Unless you want to tease your audience, minimalism may not favor you when your brand is at its awareness stage. Then you need to impart as much information while keeping a balance so as not to overload your audience.
4) Tell Them Why They Need You
When people pay attention to your ad, it’s because you sparked their interest, but for how long that interest lasts depends upon whether you are fulfilling their needs or not. Basic needs of every human, in order of its importance, are to survive and live a pleasant life, to eat good food, have sexual companionship, to feel secure, to have self-esteem, recognition, freedom, to win and gain social approval, to care and protect their loved ones, and finally, reach their fullest potential.
Plenty of brands are vying for the consumer’s attention. You need to tell your target consumers how you’re fulfilling one of their basic needs and why you are the only one that can do it.
This tweet by Burger King takes Maslow’s Hierarchy of Needs quite literally and portrays its Whopper as more important than basic things in life.
Ricola’s throat unwrap packaging is way too witty to not mention; it quirkily tells its consumer via its packaging why they need the throat lozenge i.e. get their voice back.
Audi targets the audience’s fear of safety and conveys via this scary visual why they should avoid driving in heavy rain.
5) Using References?

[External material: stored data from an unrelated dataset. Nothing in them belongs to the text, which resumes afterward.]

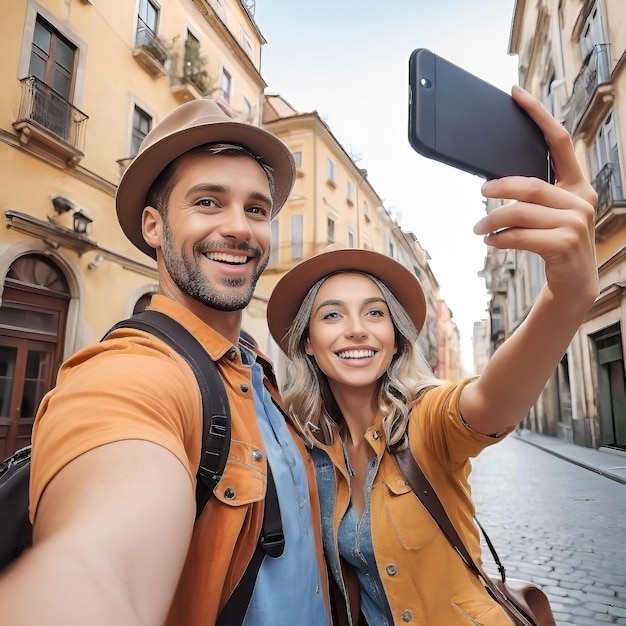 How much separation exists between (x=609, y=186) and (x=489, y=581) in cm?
288

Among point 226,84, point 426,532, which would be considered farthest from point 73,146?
point 426,532

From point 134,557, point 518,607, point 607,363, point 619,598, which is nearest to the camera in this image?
point 134,557

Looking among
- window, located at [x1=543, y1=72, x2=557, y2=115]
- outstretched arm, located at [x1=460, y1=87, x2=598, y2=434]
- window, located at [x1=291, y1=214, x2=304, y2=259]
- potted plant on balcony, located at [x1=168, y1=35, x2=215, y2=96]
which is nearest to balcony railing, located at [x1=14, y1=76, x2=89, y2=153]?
potted plant on balcony, located at [x1=168, y1=35, x2=215, y2=96]

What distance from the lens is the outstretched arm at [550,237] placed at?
61cm

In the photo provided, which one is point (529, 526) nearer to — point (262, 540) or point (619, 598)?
point (619, 598)

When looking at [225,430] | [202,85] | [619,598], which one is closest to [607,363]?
[619,598]

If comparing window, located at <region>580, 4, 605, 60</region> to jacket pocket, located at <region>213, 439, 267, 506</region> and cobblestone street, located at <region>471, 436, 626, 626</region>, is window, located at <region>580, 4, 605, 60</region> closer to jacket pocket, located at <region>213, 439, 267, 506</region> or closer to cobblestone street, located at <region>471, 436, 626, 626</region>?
cobblestone street, located at <region>471, 436, 626, 626</region>

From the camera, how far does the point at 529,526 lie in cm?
311

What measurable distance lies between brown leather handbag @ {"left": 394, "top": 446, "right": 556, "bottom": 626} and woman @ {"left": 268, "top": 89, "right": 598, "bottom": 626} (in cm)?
3

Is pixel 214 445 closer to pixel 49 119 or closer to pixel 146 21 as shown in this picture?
pixel 49 119

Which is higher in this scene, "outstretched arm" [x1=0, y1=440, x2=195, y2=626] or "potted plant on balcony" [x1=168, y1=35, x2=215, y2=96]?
"potted plant on balcony" [x1=168, y1=35, x2=215, y2=96]

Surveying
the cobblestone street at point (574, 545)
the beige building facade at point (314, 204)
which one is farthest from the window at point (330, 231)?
the cobblestone street at point (574, 545)

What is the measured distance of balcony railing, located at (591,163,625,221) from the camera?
102 inches

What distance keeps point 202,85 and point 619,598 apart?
4.48 m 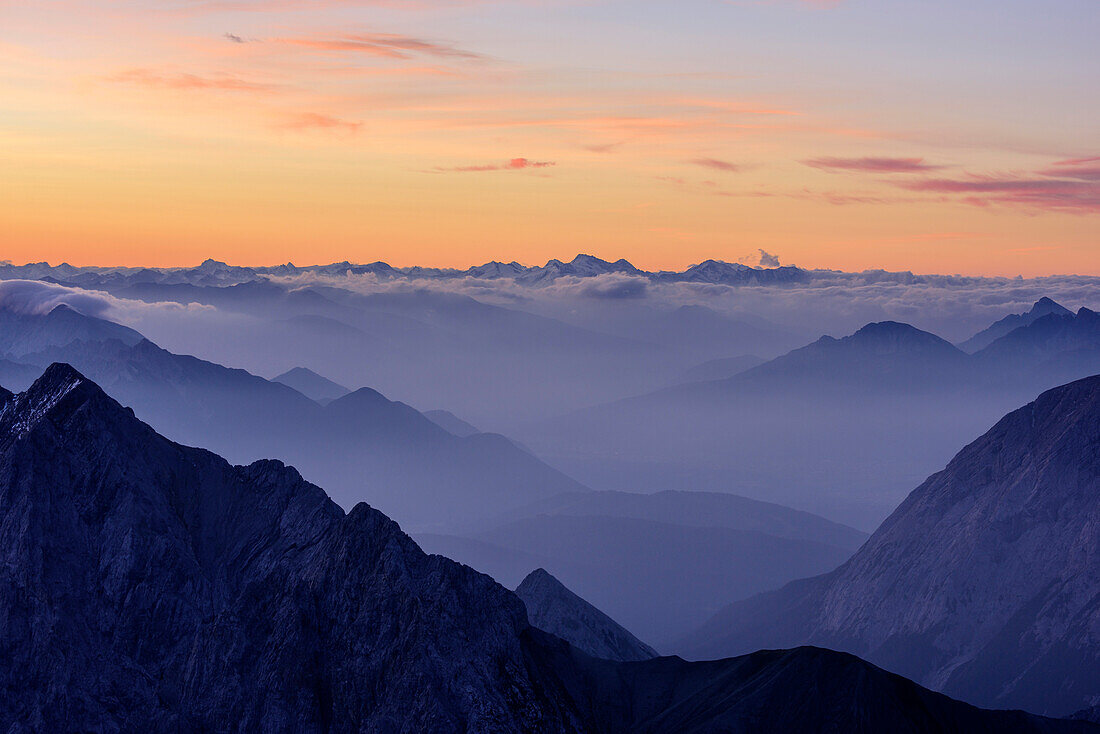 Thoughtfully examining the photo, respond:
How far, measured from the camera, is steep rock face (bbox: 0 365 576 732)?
168375mm

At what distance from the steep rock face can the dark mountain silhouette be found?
287mm

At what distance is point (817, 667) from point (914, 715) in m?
18.1

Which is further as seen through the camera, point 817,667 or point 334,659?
point 817,667

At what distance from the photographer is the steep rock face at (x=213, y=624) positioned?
168 meters

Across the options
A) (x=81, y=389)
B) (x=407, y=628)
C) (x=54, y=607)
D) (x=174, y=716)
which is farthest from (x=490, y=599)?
(x=81, y=389)

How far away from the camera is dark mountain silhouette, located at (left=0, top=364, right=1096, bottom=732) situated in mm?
168875

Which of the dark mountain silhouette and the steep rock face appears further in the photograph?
the dark mountain silhouette

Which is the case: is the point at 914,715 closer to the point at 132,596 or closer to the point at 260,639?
the point at 260,639

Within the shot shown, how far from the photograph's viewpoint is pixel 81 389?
200m

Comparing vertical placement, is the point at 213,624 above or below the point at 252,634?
above

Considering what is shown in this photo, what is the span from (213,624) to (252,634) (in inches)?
245

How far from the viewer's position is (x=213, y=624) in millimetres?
178000

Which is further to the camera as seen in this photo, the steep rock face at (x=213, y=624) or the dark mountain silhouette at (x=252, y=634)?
the dark mountain silhouette at (x=252, y=634)

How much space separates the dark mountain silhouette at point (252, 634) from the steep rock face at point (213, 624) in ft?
0.94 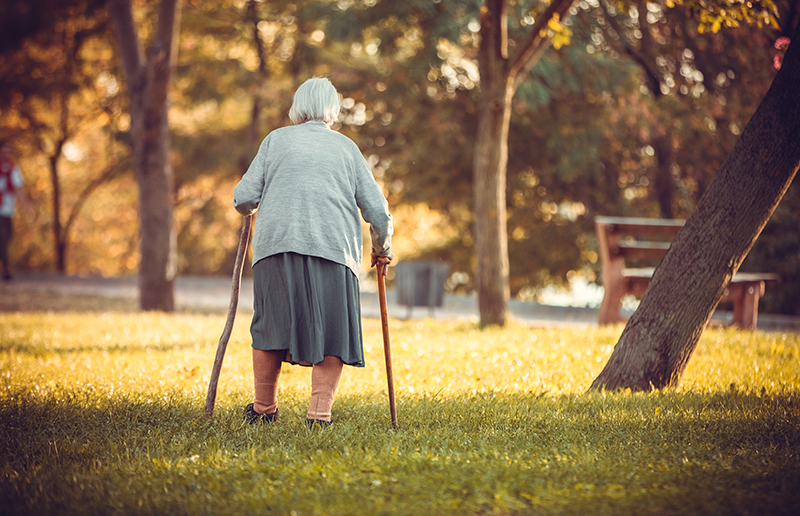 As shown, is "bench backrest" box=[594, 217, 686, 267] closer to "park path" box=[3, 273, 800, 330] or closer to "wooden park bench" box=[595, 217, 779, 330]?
"wooden park bench" box=[595, 217, 779, 330]

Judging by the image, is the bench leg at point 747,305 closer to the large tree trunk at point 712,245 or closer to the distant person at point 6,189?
the large tree trunk at point 712,245

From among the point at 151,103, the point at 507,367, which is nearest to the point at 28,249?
the point at 151,103

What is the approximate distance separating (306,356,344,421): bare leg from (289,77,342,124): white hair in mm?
1349

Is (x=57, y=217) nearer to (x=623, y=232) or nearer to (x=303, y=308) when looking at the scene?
(x=623, y=232)

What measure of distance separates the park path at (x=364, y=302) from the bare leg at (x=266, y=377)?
7085 mm

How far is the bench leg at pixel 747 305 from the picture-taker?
8883mm

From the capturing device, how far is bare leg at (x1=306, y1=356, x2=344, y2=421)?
3.84 metres

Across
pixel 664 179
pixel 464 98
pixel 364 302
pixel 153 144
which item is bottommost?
pixel 364 302

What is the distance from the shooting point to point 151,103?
10.4m

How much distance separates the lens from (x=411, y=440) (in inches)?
148

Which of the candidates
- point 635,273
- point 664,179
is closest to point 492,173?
point 635,273

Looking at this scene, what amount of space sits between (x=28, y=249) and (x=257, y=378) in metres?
28.2

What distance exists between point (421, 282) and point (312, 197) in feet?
25.1

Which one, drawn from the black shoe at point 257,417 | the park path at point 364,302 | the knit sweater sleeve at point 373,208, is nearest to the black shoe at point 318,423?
the black shoe at point 257,417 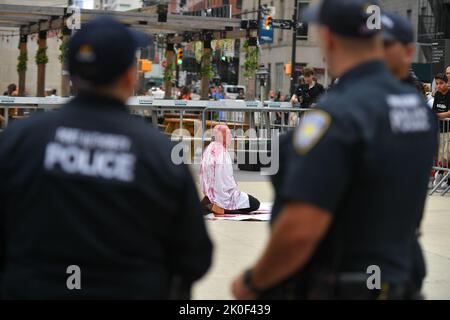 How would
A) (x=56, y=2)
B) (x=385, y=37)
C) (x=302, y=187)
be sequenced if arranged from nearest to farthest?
(x=302, y=187), (x=385, y=37), (x=56, y=2)

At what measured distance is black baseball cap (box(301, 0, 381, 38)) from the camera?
10.8 ft

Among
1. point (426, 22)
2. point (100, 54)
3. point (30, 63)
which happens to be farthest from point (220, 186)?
point (30, 63)

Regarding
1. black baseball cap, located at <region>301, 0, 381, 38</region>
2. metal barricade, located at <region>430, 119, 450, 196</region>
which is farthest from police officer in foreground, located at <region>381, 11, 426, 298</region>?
metal barricade, located at <region>430, 119, 450, 196</region>

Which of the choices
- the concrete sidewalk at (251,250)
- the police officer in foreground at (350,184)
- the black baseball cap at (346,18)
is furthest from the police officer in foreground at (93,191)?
the concrete sidewalk at (251,250)

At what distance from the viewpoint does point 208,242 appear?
3344mm

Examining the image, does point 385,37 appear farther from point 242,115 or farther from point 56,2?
point 56,2

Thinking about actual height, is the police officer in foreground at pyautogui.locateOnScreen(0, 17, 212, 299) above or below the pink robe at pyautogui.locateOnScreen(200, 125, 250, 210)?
above

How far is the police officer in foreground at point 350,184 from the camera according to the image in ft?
10.2

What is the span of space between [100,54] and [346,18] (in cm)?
83

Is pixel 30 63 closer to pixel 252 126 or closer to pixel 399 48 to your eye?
pixel 252 126

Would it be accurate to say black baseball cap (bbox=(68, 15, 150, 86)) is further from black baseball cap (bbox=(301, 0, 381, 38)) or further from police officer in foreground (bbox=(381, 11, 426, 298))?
police officer in foreground (bbox=(381, 11, 426, 298))

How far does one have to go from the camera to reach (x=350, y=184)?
10.4 feet

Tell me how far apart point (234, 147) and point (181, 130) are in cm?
135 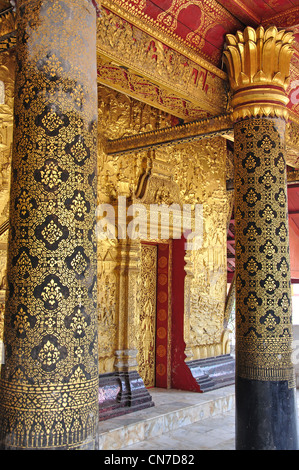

Do Your Research
Whenever you are using a pop-culture reference, it’s important that you do your research over the origins and history of that trend before incorporating it into your marketing agenda. This way you won’t end up finding out how badly you used that reference, amid negative publicity.
Wendy’s is known for its sassy tweets on Twitter. Usually, those tweets are engaging, but in one instance, in an argument with its customers over fresh beef, Wendy’s unwittingly posted “Pepe the frog” meme. The resulting escalation took the sass out of Wendy’s.
Another word of caution: don’t make tasteless, insensitive jokes intentionally at the expense of someone, particularly on a sensitive issue; these can backfire badly. You might take them down and apologize publicly, but that wouldn’t take away the memory or remove the screenshots.
Also, if any such disaster happens, it’s imperative that you act quickly and apologize gracefully just like Pepsi did when its Kendall Jenner TV spot garnered a lot of outrage. Six months later, Pepsi’s President Brad Jakeman resigned, later citing the marketing fiasco as the worst experience in his entire career. But Pepsi’s quick apologetic response back then somewhat helped douse the fire.
6) Some Errors Can Never Be Forgiven
The most important aspect of a print ad is its text. Scratch that, every aspect of a print ad is important; its place, visuals, text, font type, size, style, and colors. But a basic error like a typo can really turn your creative idea into a laughing stock.
Hence, it is better to have a dedicated editor, who double-checks every tiny detail, before your rivals or customers do.
7) Turn The Disaster Into Opportunity
Sometimes when a disaster happens, the best you can do is to make the most out of it.
The picture in the Burger Kings’ advert is of an actual Burger King’s restaurant being burned down due to its flame-grilling burger endeavors. The food-chain giant cleverly leveraged its worst disasters into an advertising gimmick by boasting how far it can go to provide Burger King’s customers their favorite flame-grilling burgers.